[Data extract]

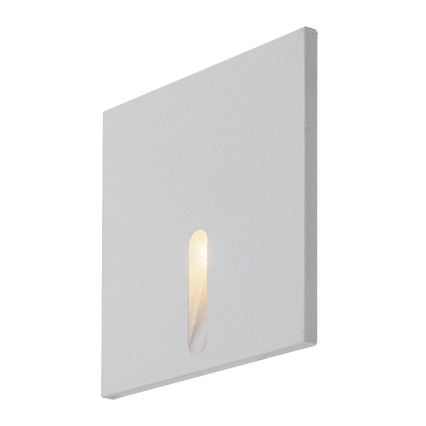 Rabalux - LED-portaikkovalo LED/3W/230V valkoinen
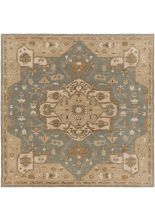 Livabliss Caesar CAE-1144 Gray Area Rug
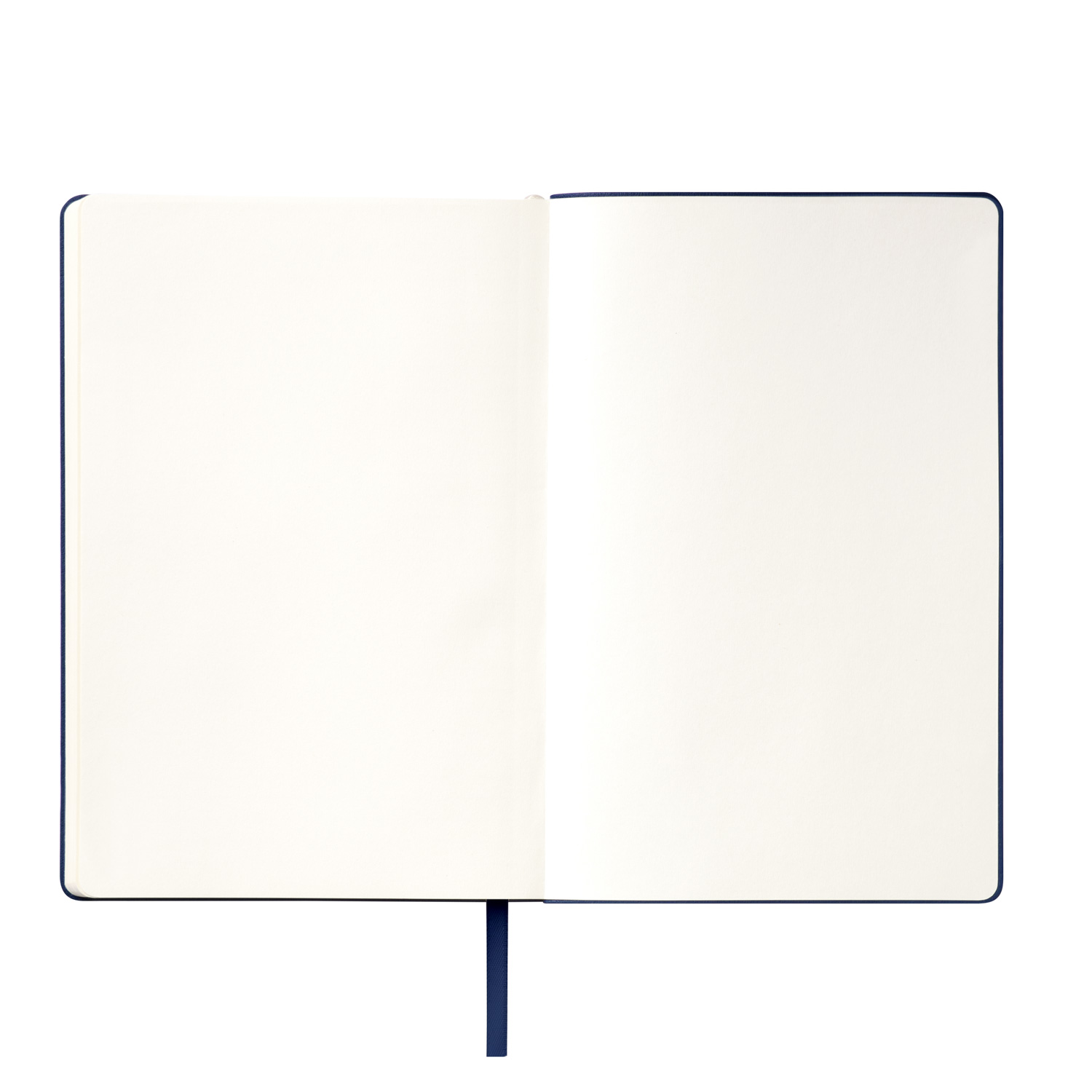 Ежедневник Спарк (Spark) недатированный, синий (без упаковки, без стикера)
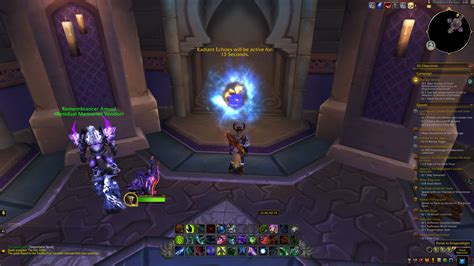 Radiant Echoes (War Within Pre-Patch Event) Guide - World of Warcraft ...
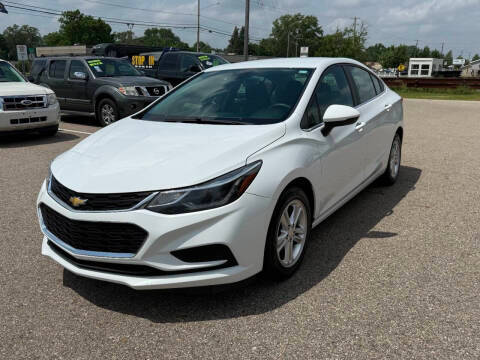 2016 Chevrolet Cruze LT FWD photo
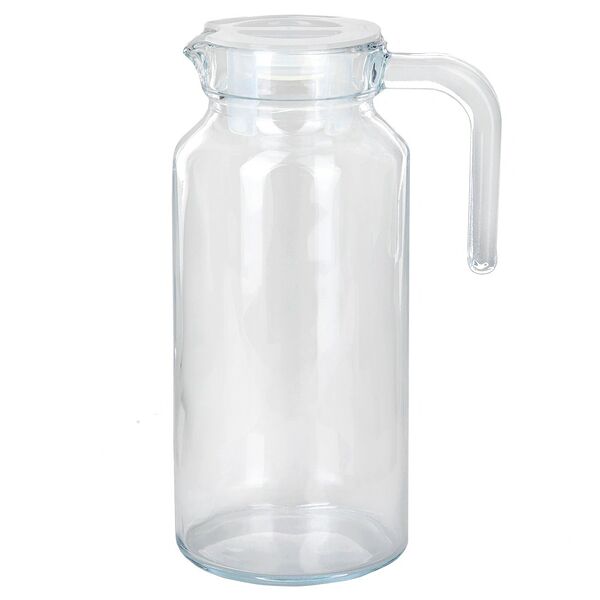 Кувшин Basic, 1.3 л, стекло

[/Data extract]
[Data extract]

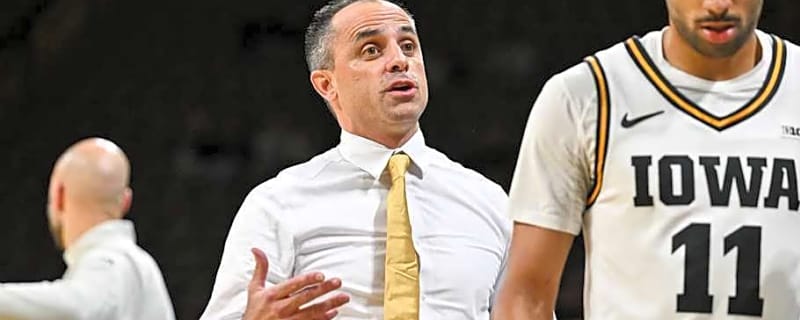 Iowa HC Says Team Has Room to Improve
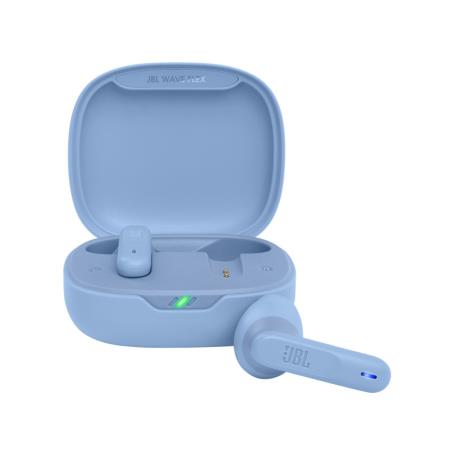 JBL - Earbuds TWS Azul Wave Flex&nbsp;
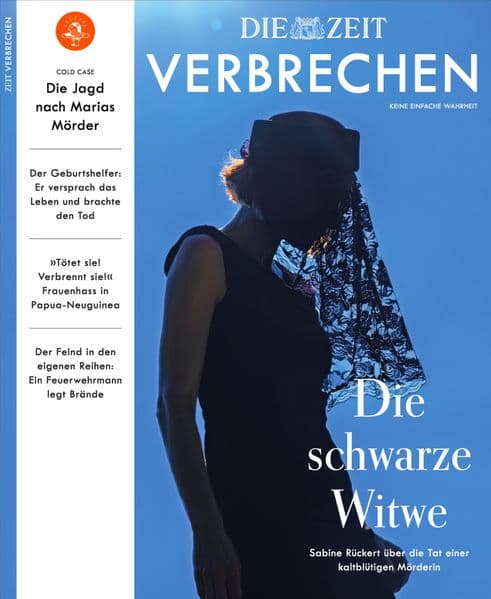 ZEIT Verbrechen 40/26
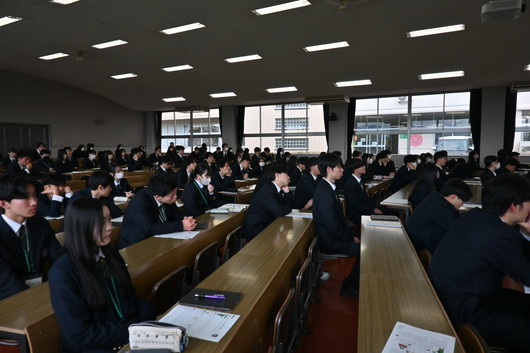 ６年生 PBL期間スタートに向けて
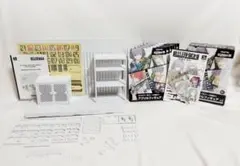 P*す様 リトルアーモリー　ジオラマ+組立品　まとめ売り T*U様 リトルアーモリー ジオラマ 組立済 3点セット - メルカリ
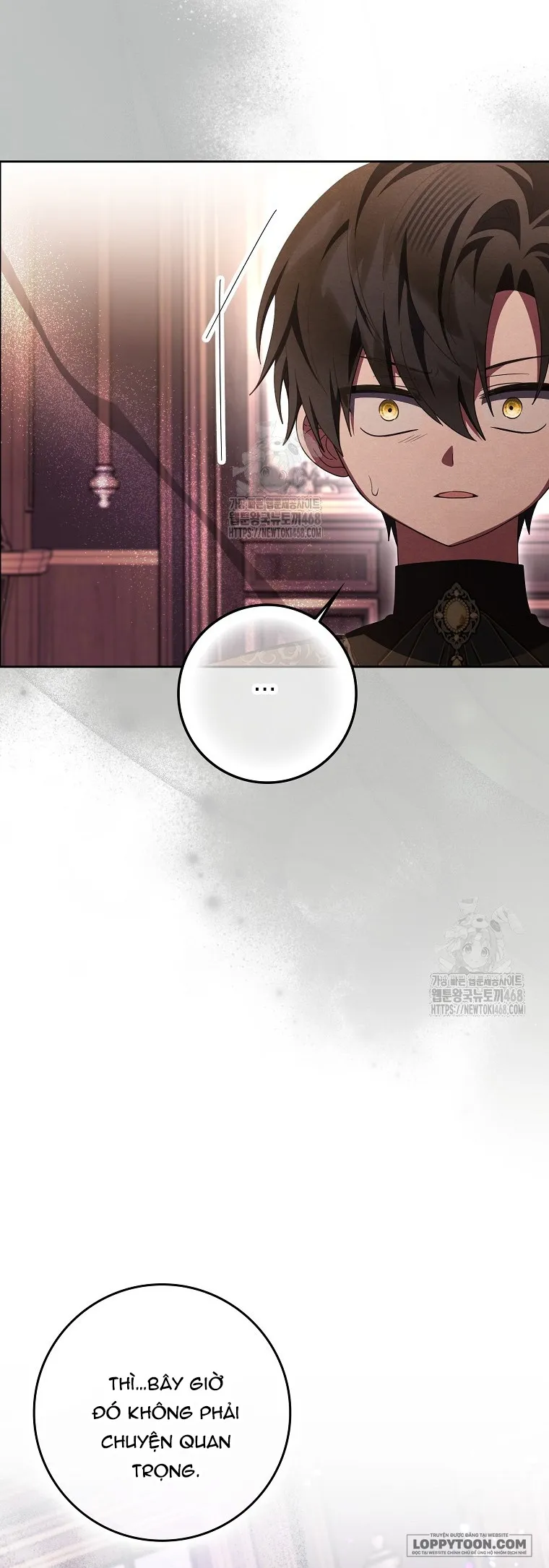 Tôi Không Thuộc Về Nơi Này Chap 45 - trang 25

[/Data extract]

**Exercise details**
Each line between the one holding "2016 Chevrolet Cruze LT FWD photo" and the one holding "Кувшин Basic, 1.3 л, стекло", inclusive, should be copied exactly as it appears above, and pictures should be omitted.

**Result for this exercise**
 2016 Chevrolet Cruze LT FWD photo
 Кувшин Basic, 1.3 л, стекло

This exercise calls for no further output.